++++ Extracted information ++++

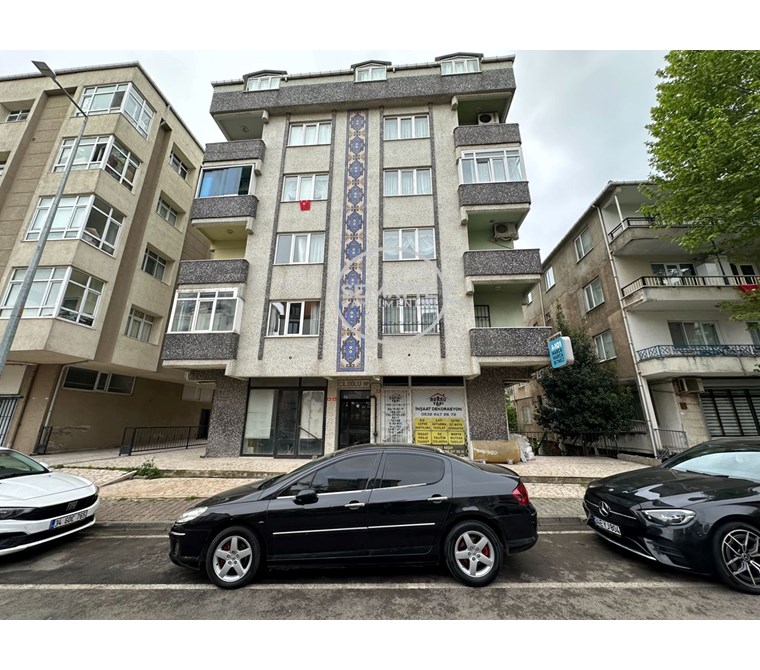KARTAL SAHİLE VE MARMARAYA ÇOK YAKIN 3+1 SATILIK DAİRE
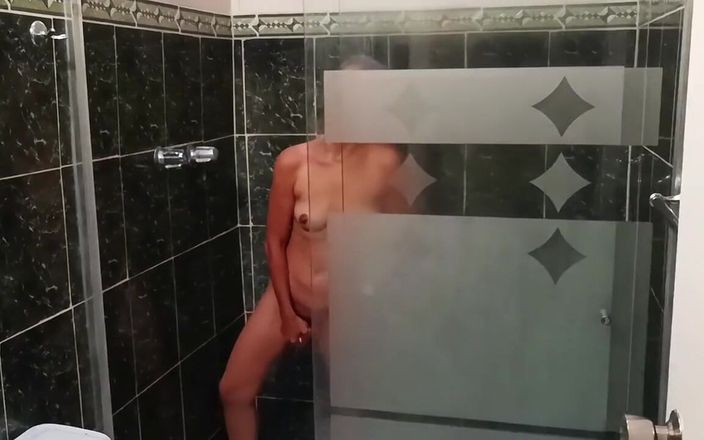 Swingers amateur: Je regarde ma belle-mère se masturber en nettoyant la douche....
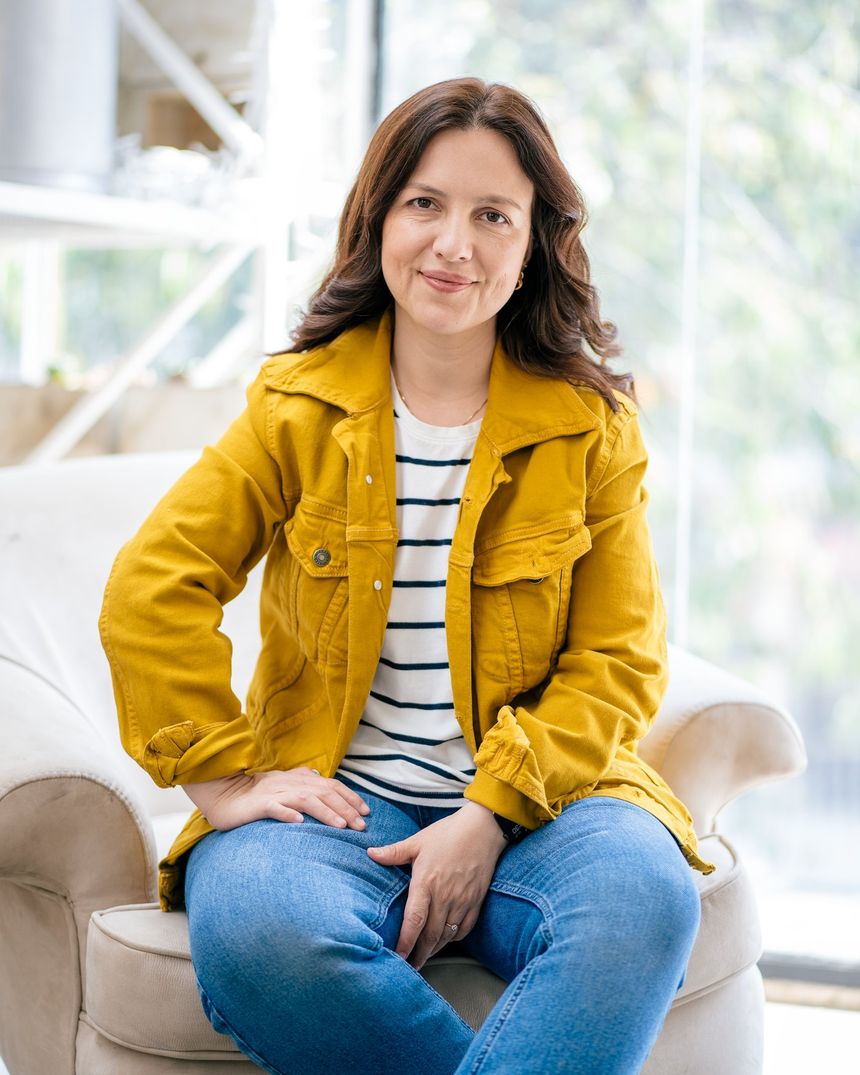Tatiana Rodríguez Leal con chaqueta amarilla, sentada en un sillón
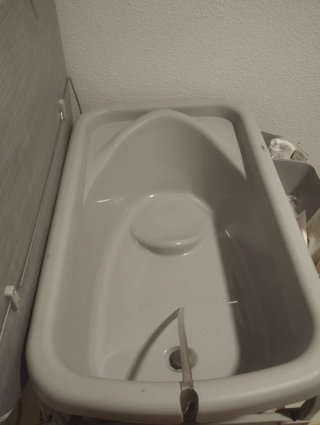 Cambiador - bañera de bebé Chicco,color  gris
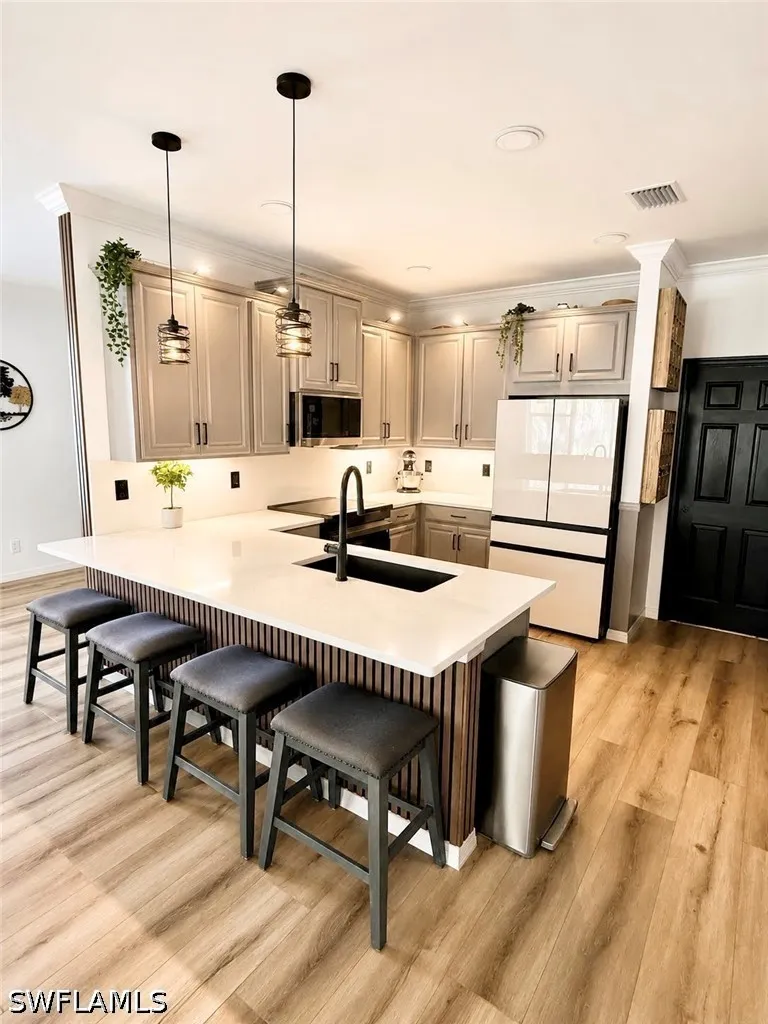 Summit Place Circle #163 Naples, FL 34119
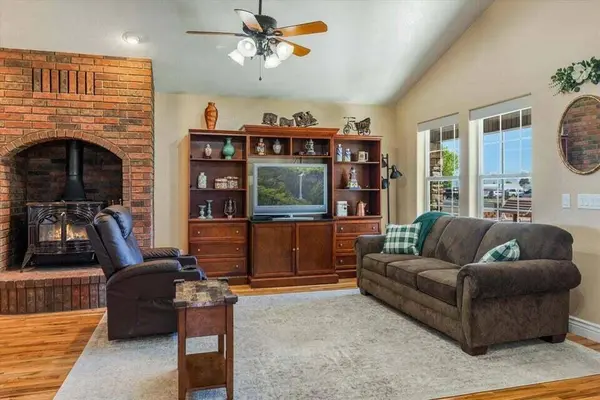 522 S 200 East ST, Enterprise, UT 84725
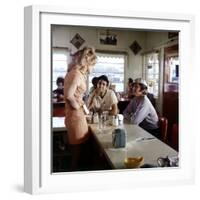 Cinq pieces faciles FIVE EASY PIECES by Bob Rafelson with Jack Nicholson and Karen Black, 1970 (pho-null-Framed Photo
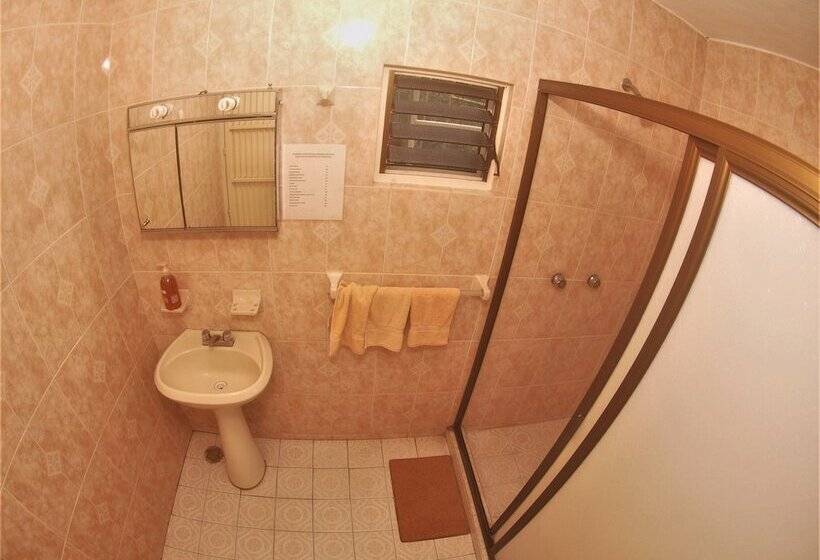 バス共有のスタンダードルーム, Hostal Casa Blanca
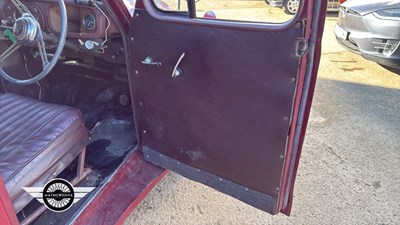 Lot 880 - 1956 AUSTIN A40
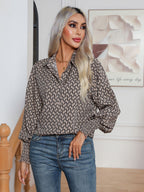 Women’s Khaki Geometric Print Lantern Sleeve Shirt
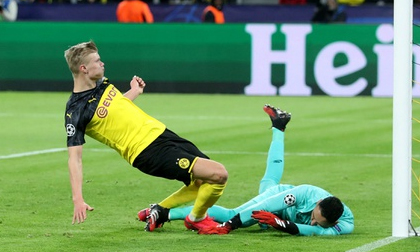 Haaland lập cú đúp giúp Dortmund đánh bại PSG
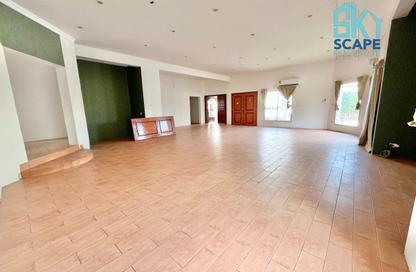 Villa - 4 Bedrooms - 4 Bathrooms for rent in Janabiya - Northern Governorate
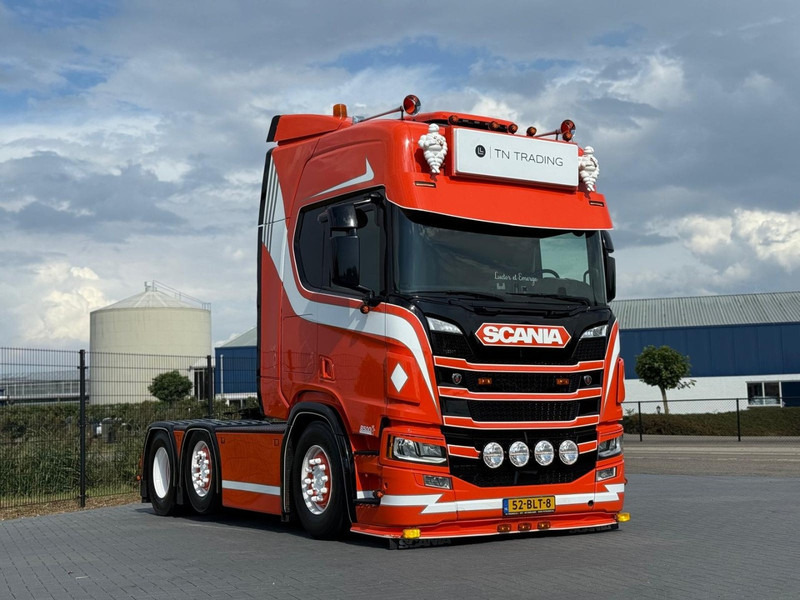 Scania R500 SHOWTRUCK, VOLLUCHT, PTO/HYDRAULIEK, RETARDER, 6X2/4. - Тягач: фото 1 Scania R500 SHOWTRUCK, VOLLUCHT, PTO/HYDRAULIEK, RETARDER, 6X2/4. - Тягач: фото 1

++++

Task item: Drop the pictures; return the lines above from the line containing "Cinq pieces faciles" to the line containing "Villa - 4 Bedrooms", both included, exactly.

Result for this exercise:
 Cinq pieces faciles FIVE EASY PIECES by Bob Rafelson with Jack Nicholson and Karen Black, 1970 (pho-null-Framed Photo
 バス共有のスタンダードルーム, Hostal Casa Blanca
 Lot 880 - 1956 AUSTIN A40
 Women’s Khaki Geometric Print Lantern Sleeve Shirt
 Haaland lập cú đúp giúp Dortmund đánh bại PSG
 Villa - 4 Bedrooms - 4 Bathrooms for rent in Janabiya - Northern Governorate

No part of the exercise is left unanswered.